* **Task goal**
Please repeat, precisely as written, only the lines from the one containing "Toyvian 24 Piezas" through the last line of the records below, pictures omitted.

* **Information shown**
----
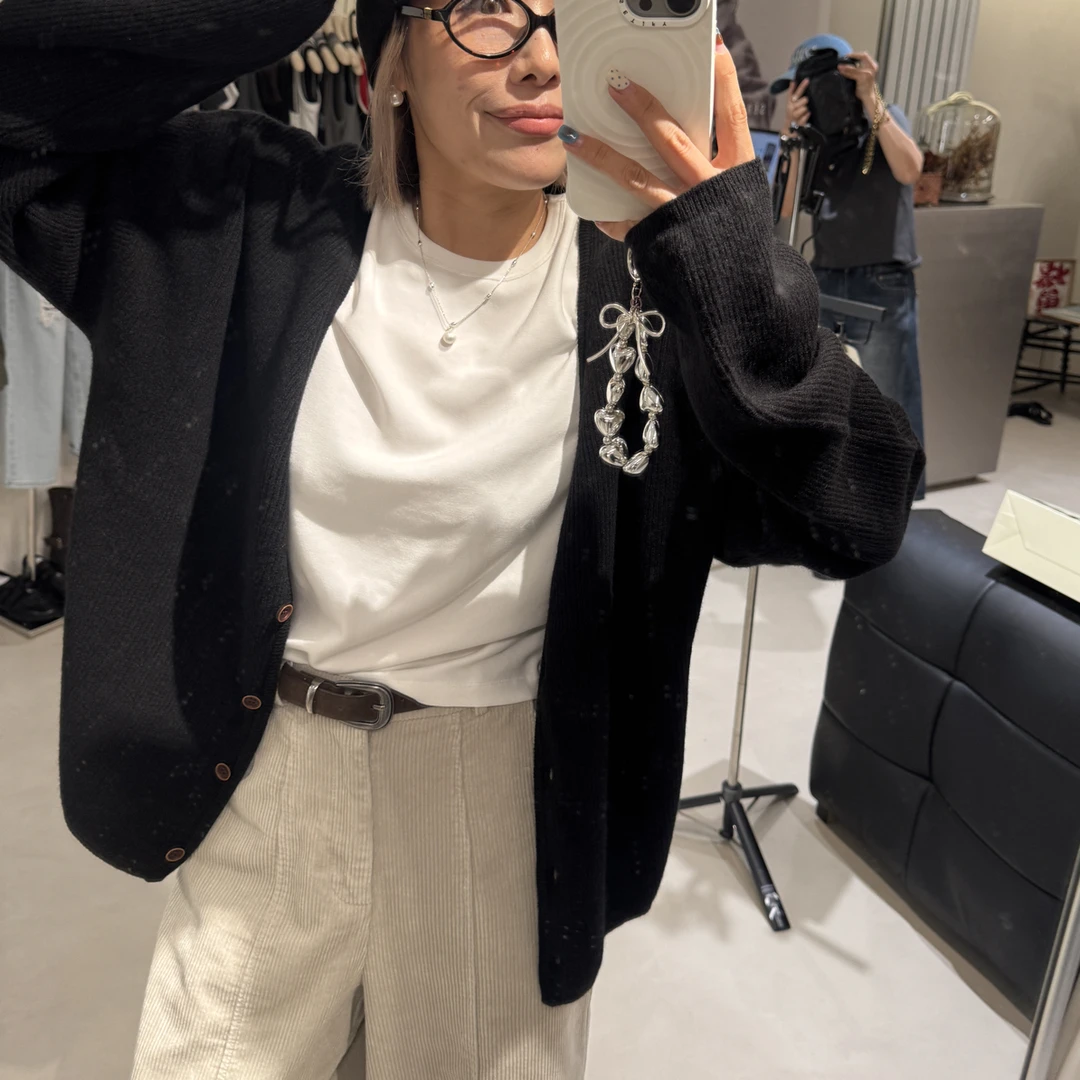 秋款女毛针织衫中长款灰色开衫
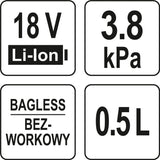 Dulkių siurblys | su filtru | 18V | be akumuliatoriaus (YT-85680)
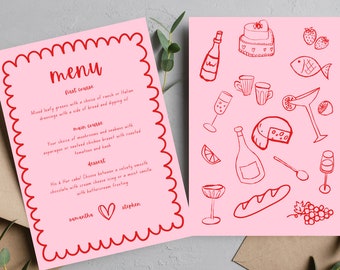 Hand Drawn Menu, Wedding Menu, Menu Template, Pink & Red, Canva Template, Bold Wedding Template, Fun Menu, Dinner Party Menu, Birthday Menu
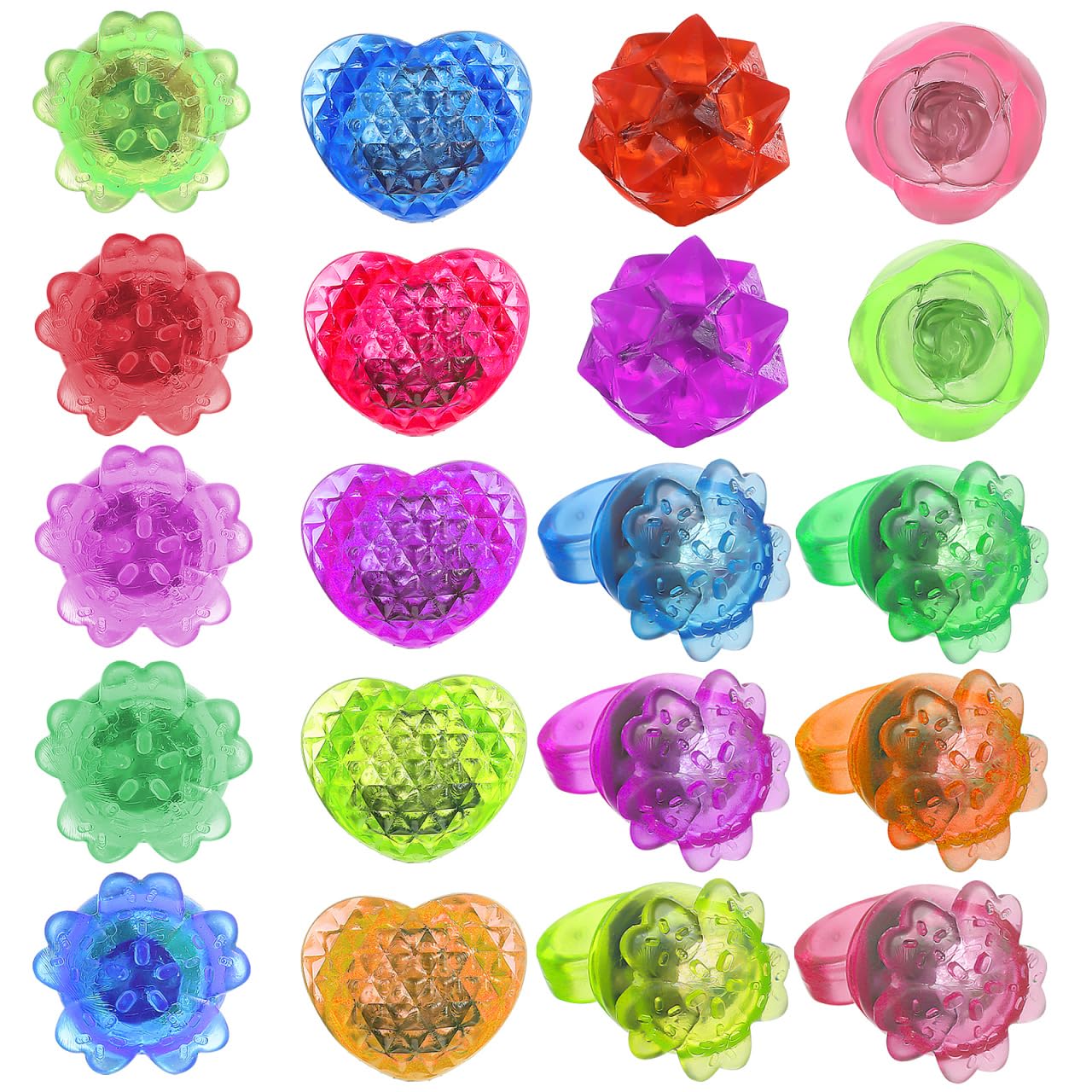Toyvian 24 Piezas De Anillos LED Se Iluminan para Niños Anillos De Gelatina Brillan En La Oscuridad Juguetes De Dedos Intermitentes De Gelatina Brillantes Luces De Dedo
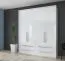 Armoire penderie portes battantes Siumu 30 avec cadre LED | Blanc & Blanc brillant | 226 x 187 x 60 cm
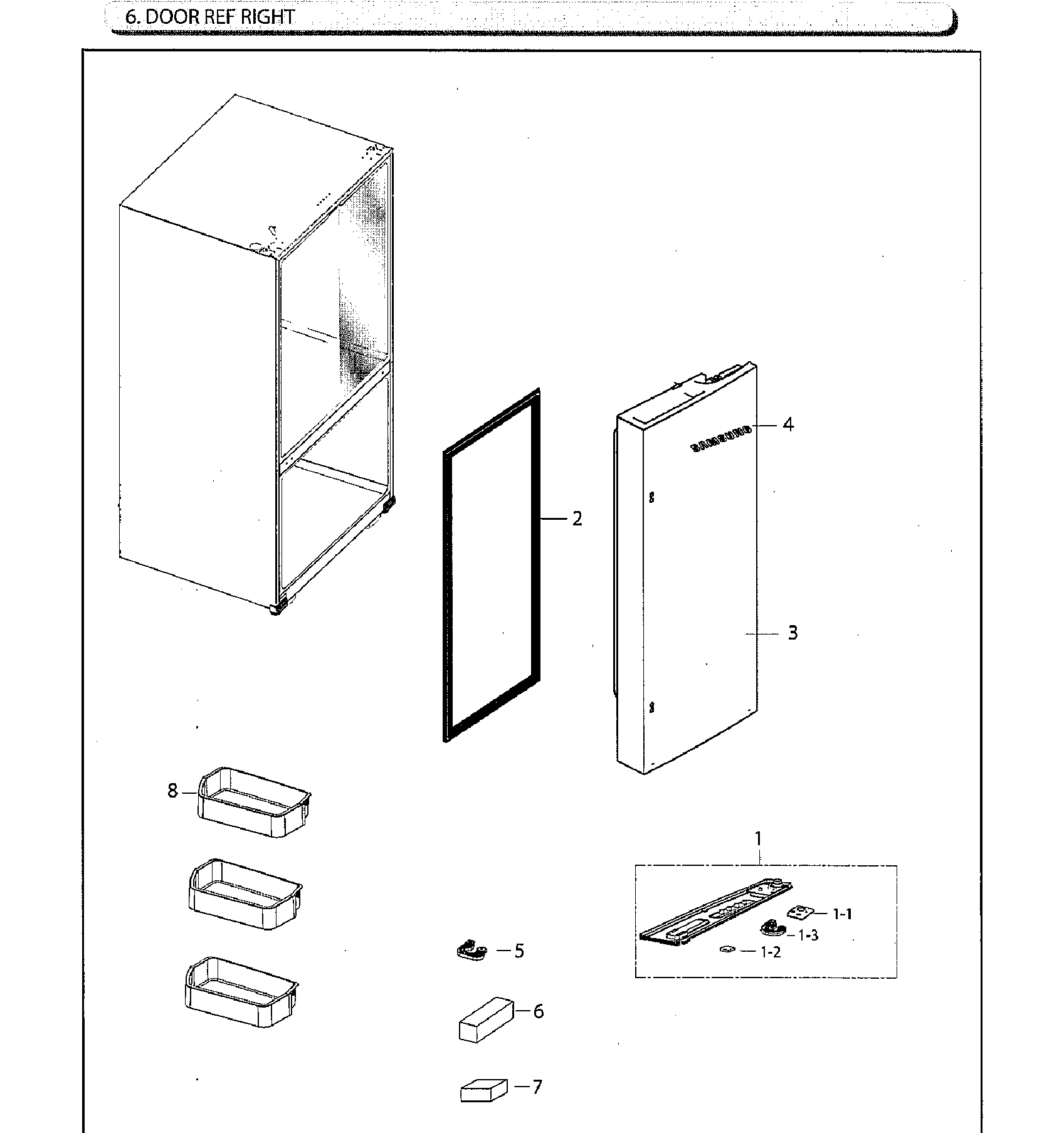 Samsung RF260BEAESG/AA-00 door-ref r diagram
----
* **Answer for this exercise**
Toyvian 24 Piezas De Anillos LED Se Iluminan para Niños Anillos De Gelatina Brillan En La Oscuridad Juguetes De Dedos Intermitentes De Gelatina Brillantes Luces De Dedo
 Armoire penderie portes battantes Siumu 30 avec cadre LED | Blanc & Blanc brillant | 226 x 187 x 60 cm
 Samsung RF260BEAESG/AA-00 door-ref r diagram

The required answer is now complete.